╔══

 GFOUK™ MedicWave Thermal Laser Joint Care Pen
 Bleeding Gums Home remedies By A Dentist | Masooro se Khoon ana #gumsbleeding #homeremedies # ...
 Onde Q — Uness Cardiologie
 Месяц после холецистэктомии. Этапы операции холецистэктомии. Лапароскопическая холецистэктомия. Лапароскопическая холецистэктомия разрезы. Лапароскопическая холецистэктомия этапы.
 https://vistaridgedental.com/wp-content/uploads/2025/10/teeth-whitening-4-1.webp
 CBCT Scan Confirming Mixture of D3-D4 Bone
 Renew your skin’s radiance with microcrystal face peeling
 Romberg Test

╚══

- **WHAT TO PRODUCE**:
Once you have read the data above, print all of it again exactly.

- **TASK ANSWER**:
 GFOUK™ MedicWave Thermal Laser Joint Care Pen
 Bleeding Gums Home remedies By A Dentist | Masooro se Khoon ana #gumsbleeding #homeremedies # ...
 Onde Q — Uness Cardiologie
 Месяц после холецистэктомии. Этапы операции холецистэктомии. Лапароскопическая холецистэктомия. Лапароскопическая холецистэктомия разрезы. Лапароскопическая холецистэктомия этапы.
 https://vistaridgedental.com/wp-content/uploads/2025/10/teeth-whitening-4-1.webp
 CBCT Scan Confirming Mixture of D3-D4 Bone
 Renew your skin’s radiance with microcrystal face peeling
 Romberg Test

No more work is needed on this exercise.